SOURCE MATERIAL
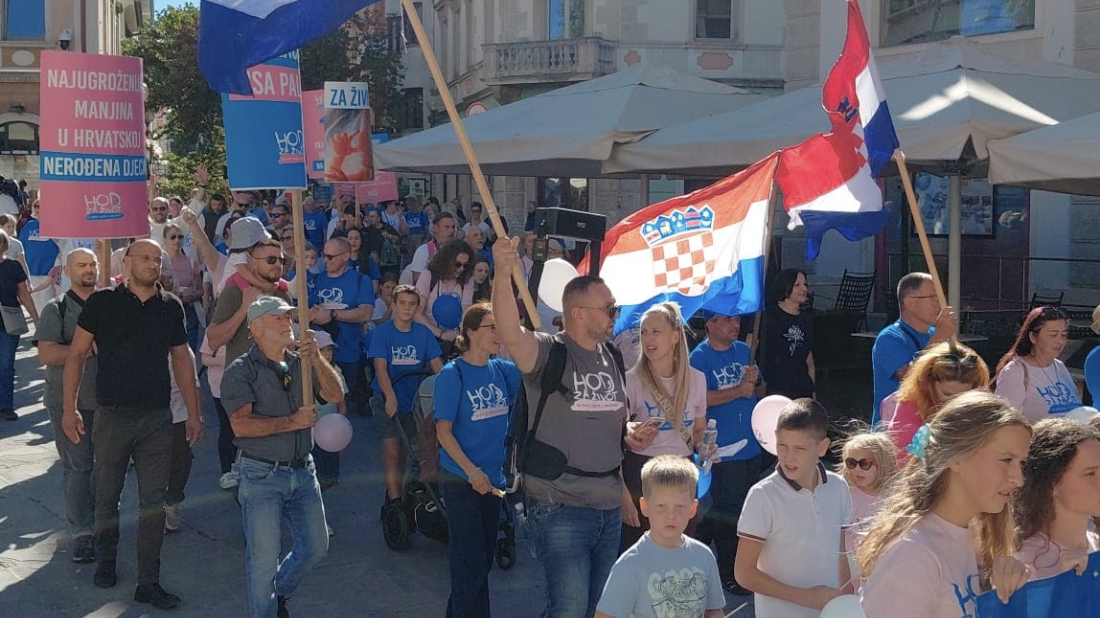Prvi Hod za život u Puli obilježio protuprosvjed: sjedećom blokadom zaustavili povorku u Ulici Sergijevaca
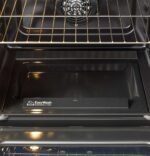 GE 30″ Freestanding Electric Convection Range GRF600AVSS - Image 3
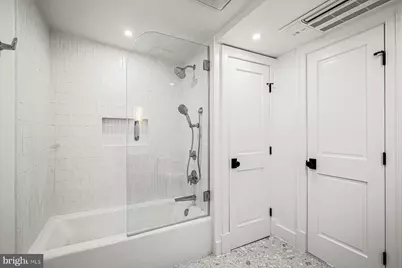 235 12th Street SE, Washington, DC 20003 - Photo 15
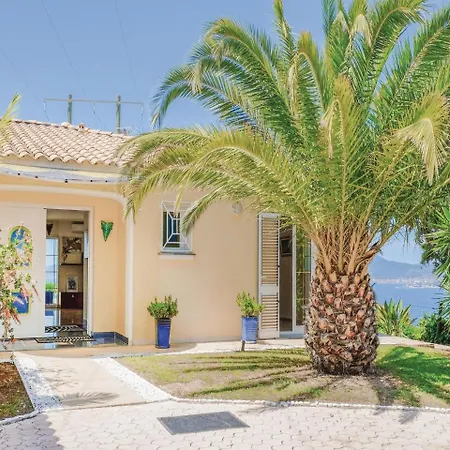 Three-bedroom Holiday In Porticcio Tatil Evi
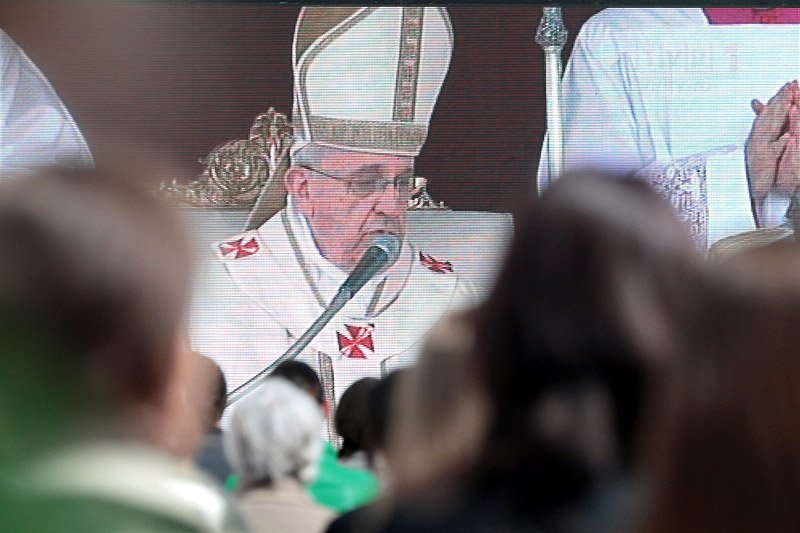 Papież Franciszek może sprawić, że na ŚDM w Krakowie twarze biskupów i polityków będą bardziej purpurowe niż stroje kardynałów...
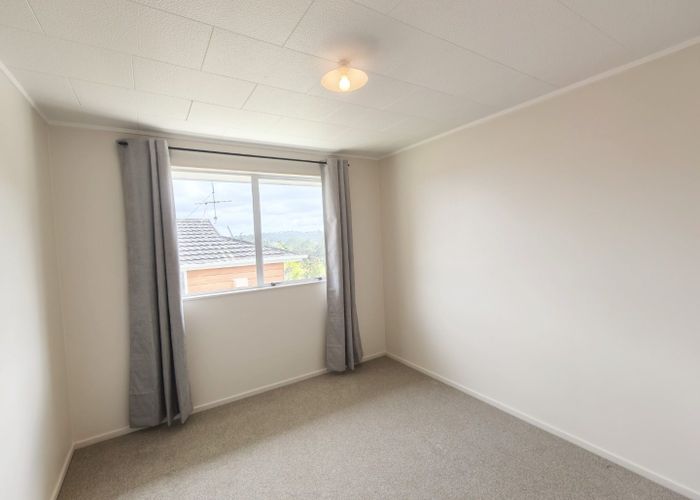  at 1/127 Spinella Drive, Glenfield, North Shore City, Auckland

WHAT YOU SHOULD DO
Write out the data once more exactly, omitting the pictures.

EXERCISE RESPONSE
Prvi Hod za život u Puli obilježio protuprosvjed: sjedećom blokadom zaustavili povorku u Ulici Sergijevaca
 GE 30″ Freestanding Electric Convection Range GRF600AVSS - Image 3
 235 12th Street SE, Washington, DC 20003 - Photo 15
 Three-bedroom Holiday In Porticcio Tatil Evi
 Papież Franciszek może sprawić, że na ŚDM w Krakowie twarze biskupów i polityków będą bardziej purpurowe niż stroje kardynałów...
  at 1/127 Spinella Drive, Glenfield, North Shore City, Auckland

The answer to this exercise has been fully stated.